In Tibet un proverbio recita: “E’ più misero colui che resta un giorno senza té di colui che per una settimana resta senza carne”. Il tè tibetano è imparentato col tè cinese (com’é ovvio che sia), ma ha caratteristiche proprie, sviluppate e consolidate nel corso dei secoli, che lo contraddistinguono e gli donano uno charme e un’importanza particolari.

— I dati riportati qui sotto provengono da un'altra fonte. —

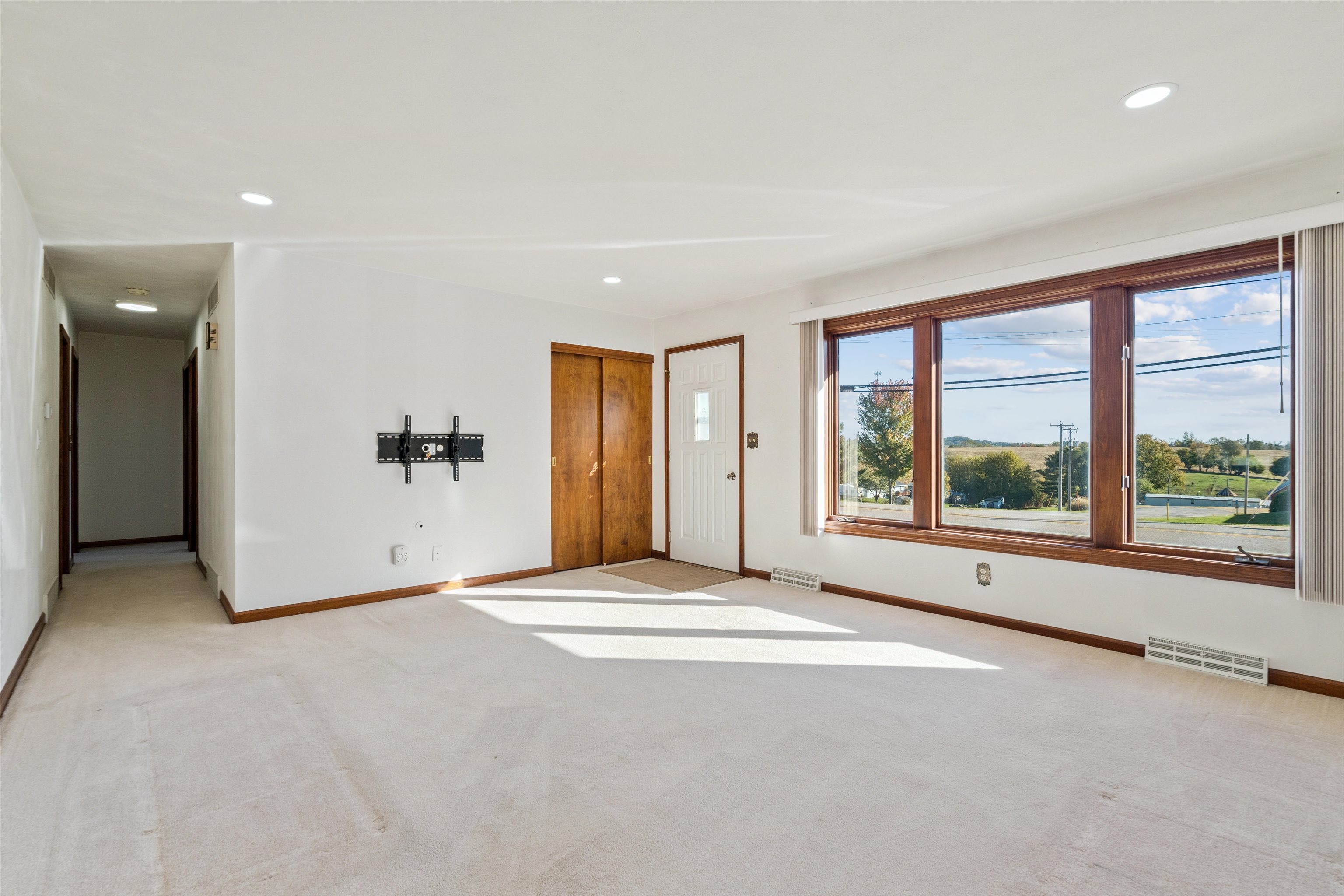 8920 Badger Road East Dubuque, IL 61025 - Photo 4 of 15 a view of an empty room with a window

Il tè che viene consumato in Tibet cresce prevalentemente nel Sud-Ovest della Cina, nella Provincia di Sichuan e appartiene alla comunemente diffusa categoria di té neri raccolti a un’altitudine media di 1000 metri. Esso facilita la peristalsi e la digestione dei grassi, per questo è fondamentale nella dieta dei Tibetani che spesso si mantengono ancora con lavori agricoli molto faticosi, che richiedono vasta disponibilità di energia.
L’unico modo per fornirle, in un’alimentazione tradizionalmente povera di zuccheri semplici, è il consumo di cibi altamente grassi, che però normalmente sono lenti e laboriosi da digerire; l’assunzione regolare di tè aiuta questo processo.
I Tibetani, notoriamente, aggiungono burro di yak al loro té, creando una bevanda corroborante che per loro è un vero e proprio alimento: un liquido scuro, denso, con un ricco retrogusto di latte e panna. Il consumo di tè al burro di yak è anche consigliato agli stranieri, per contrastare il malessere da altitudine e anche per ammorbidire le labbra secche e screpolate dai rigori delle montagne.
I Tibetani imparano ad amare il loro tè tradizionale fin dall’infanzia: nella casa tibetana infatti spetta ai giovani preparare e servire il tè ai genitori e ai parenti più anziani; esso deve sempre venire offerto loro con la tazza stretta in entrambe le mani e quando lo si versa nella tazza la mano non impegnata deve venire tenuta col palmo rivolto verso l’alto. Questi dettagli sono fondamentali per la ritualità connessa col tè, una vera e propria cerimonia, che si ritiene migliori il gusto e la salubrità della bevanda.
E’ tradizione nelle aree nomadi che si sviluppino ulteriori abitudini e particolarità, come ad esempio l’uso di usare le foglie di tè già usate come foraggio per il bestiame. Foglie di tè usate, tsampa e burro vengono mescolati in uno speciale pastone con cui viene nutrito il bestiame prima dell’aratura del terreno.